Avon, $7.50, ISBN 0-06-050736-5
Historical Romance, 2002
When authors hit it big time, they are often experience a tremendous burst of infinite magnanimity. They remember that they have a few dozen books, now out-of-print, and out of the goodness of their hearts, they must blow the dusts and cobwebs off these books and re-market them to the fans at, oh, $7.50. And we grateful fans prostrate ourselves in gratitude at the feet of these selfless authors who sacrifice their quality time with their precious kids and mega-successful husbands to make us mere fans happy.
But no amount of doctoring can make this book, initially published back in 1992 as Only in Your Arms, feel fresh. It’s more dated than a calendar. I’ve read the original, and like Ms Kleypas’ mother, I can’t remember a thing about that book either. Well, reading this book is like finding myself in bed with the old boyfriend I’ve completely forgotten until now. There’s some nostalgic factor, maybe, but most of all, there’s this feeling that I have moved on, and sometimes revisiting the past is an overrated activity.
Maximilien Vallerand, a bad Heathcliff impersonator, discovers a waifish little girl his two teenage sons have found. Since this is a romance novel, Daddy will sleep with this stray and we will call it true love. Her name is Lysette Kersaint and together, Lysette and Maxie sound like a new brand of tampon. Or a duo of lesbian porn stars, I don’t know.
Lysette, a typical romance novel heroine, has been beaten black and blue by Stepdaddy, and she will never – NEVER! – marry an evil suitor. You can beat a romance heroine until all her brain cells wilt and die, but you can never break her aura of innocence and purity! Never! She is taken in by Maxie, who has issues with Lysette’s evil suitor, and as Maxie’s momma nurses Lysette (while telling Lysette how her son was ruined by a faithless wife, so Lysette must always forgive Maxie because remember, whatever Maxie does, it’s that bitch’s fault), Maxie and Lysette do moo-moo tonsil tennis games.

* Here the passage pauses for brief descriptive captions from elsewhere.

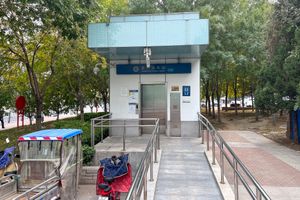 A출구 엘리베이터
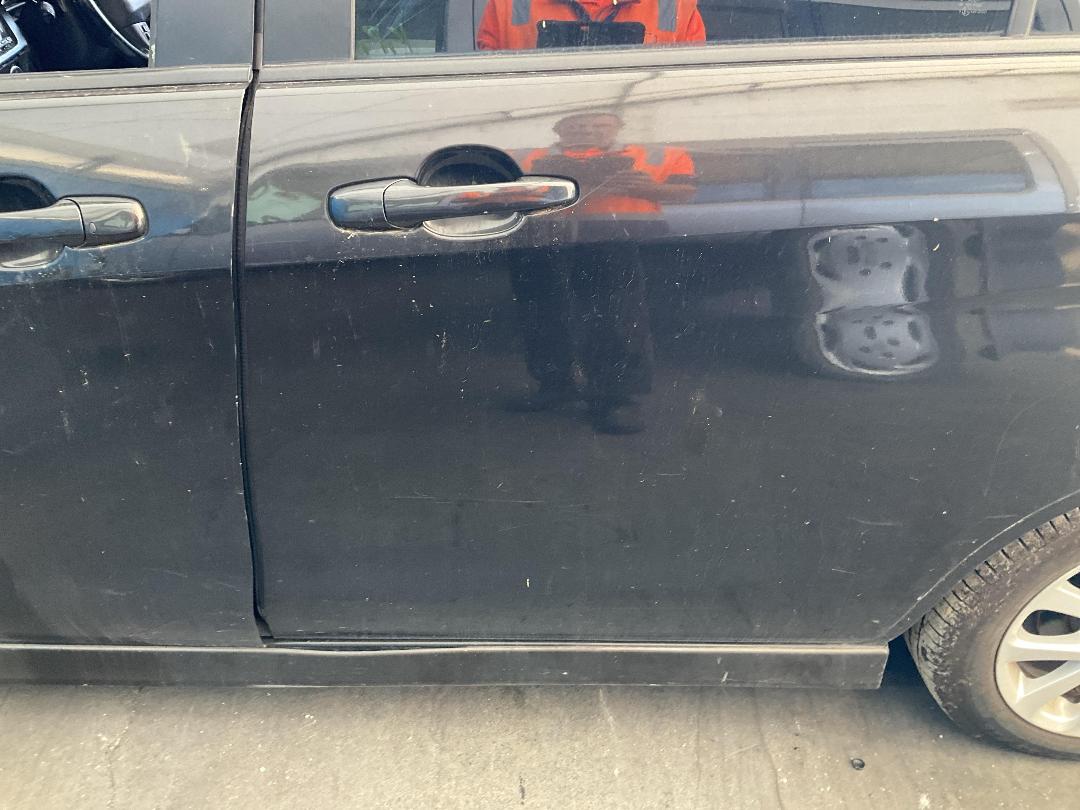 Photo '14' of Nissan Lafesta Photo '14' of Nissan Lafesta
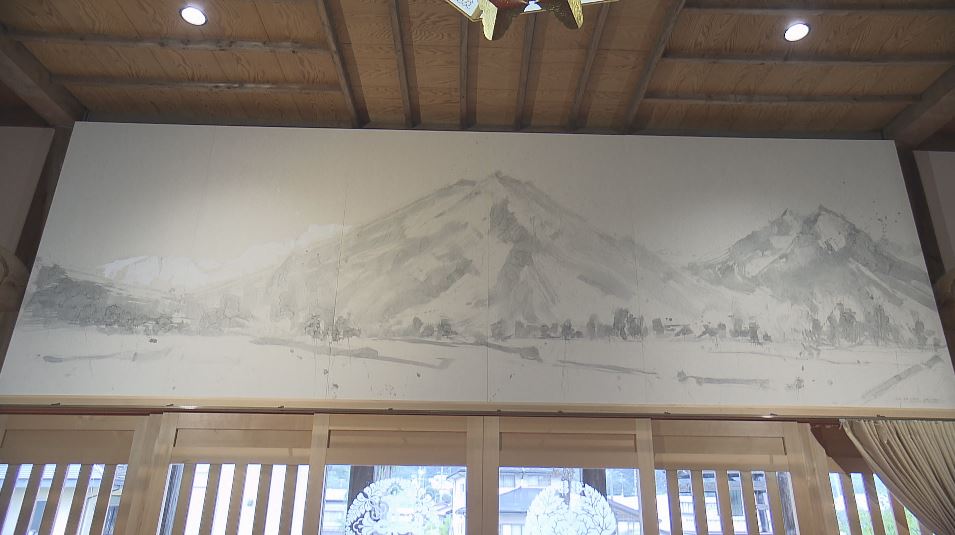 世界で活躍の美術家・田窪恭治さんが信濃町の寺に壁画 薄墨で描く“妙高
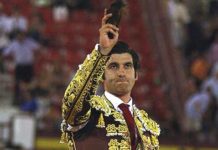 Morante corta una oreja en Murcia Morante, con la oreja cortada esta tarde en Murcia. (FOTO: Verónica Soriano / burladero.com)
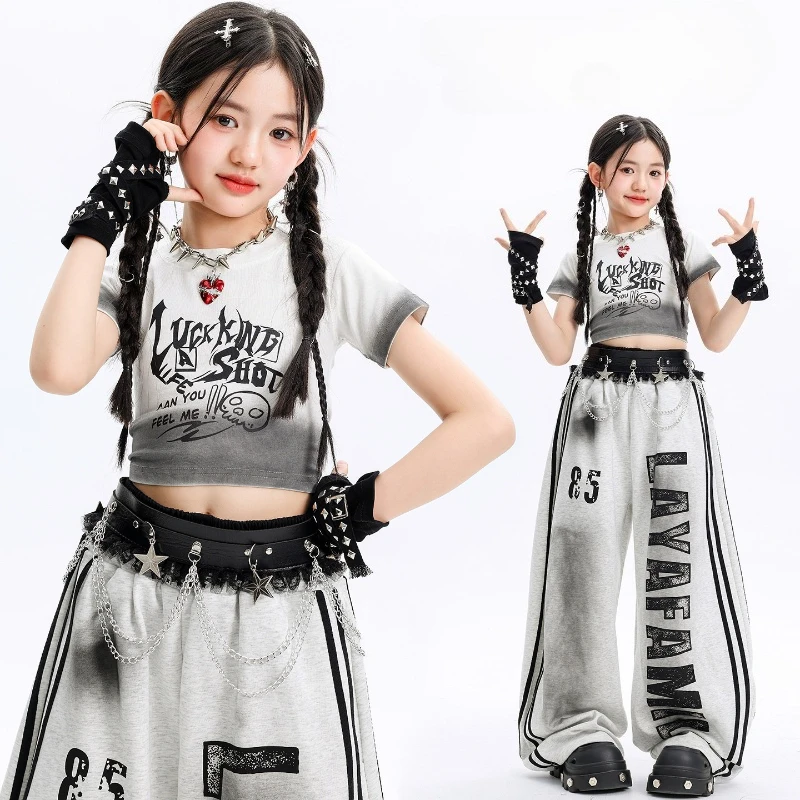 Girls Hip Hop Dance Clothes Set Print T-Shirt Loose Pants Summer Jogger Street Dancewear Group Jazz Practice Performance Costume
Girls Hip Hop Dance Clothes Set Print T-Shirt Loose Pants Summer Jogger Street Dancewear Group Jazz Practice Performance Costume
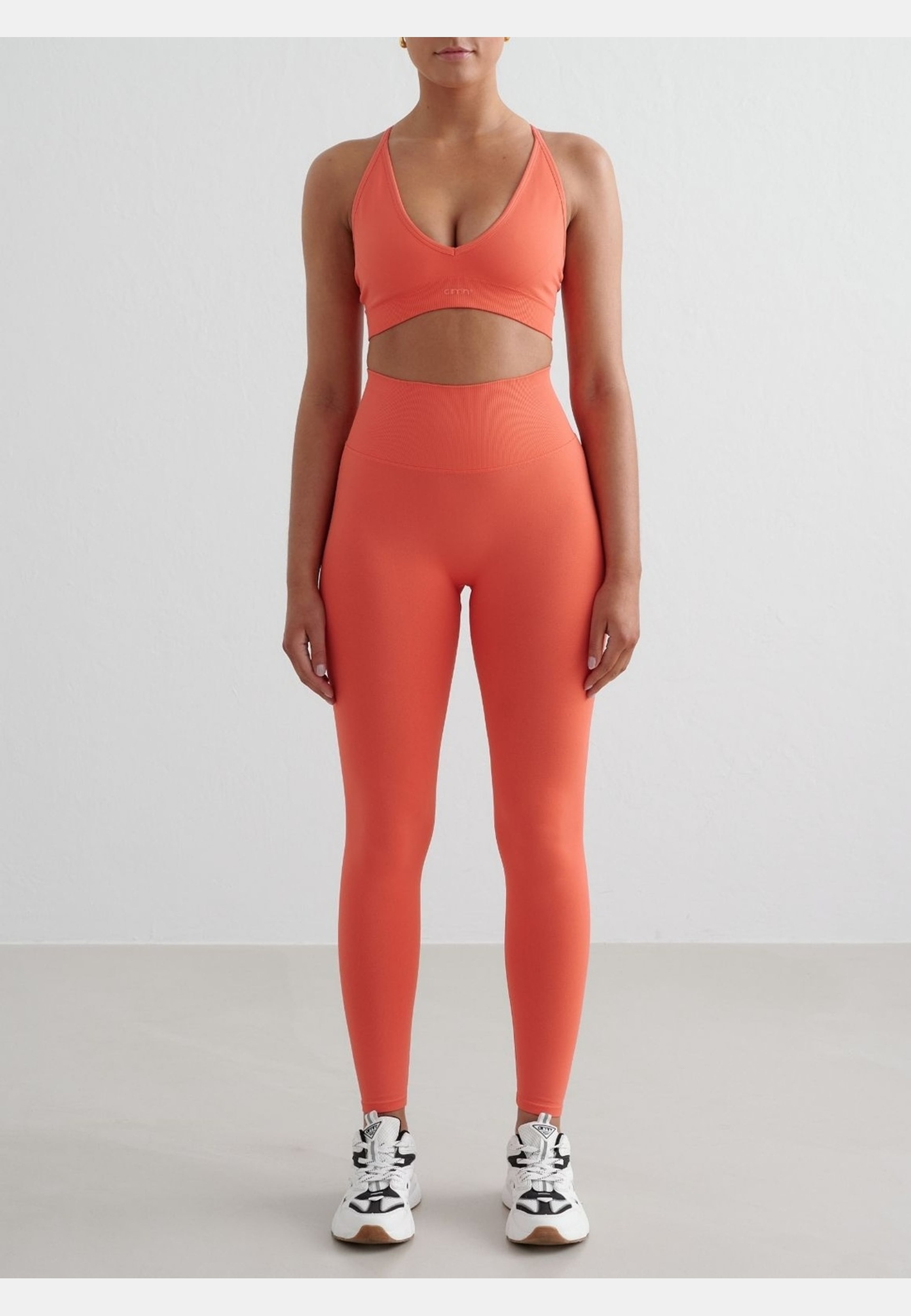 Shape Seamless Cross Back Bra, från aim'n, i färgen tangerine. Klicka för att öppna bilden i stort format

Evil wives of heroes, faked marriage of convenience, pity sex passed off as sexual healing, the tart that appears in the introduction of our hero to prove to us what a hottie the hero is as well as what a good way catch he is because He Treats His Prostitutes So Well, momma matchmakers, bodice-heaving rescue fantasies, all as hot as the New Orleans weather. Wait, I lied about the hot thing.
When Strangers Marry, like most Ms Kleypas’ books, is clean and well-written, but it’s also tired, predictable, and undemanding. It’s not as Mary Sue-ish as the author’s later books, where you can use the halo from the dull, one-dimensionally perfect heroines to illuminate the whole galaxy, but it also lacks the bite needed to make the fantasy palatable. This one is like a submissive geisha girl masquerading as a fiery flamenco dancer, and I, for one, am bored of prim and proper virgins having sex with dull bad boys whose baggages and emotional jackass-dom are all the dead bitch’s fault.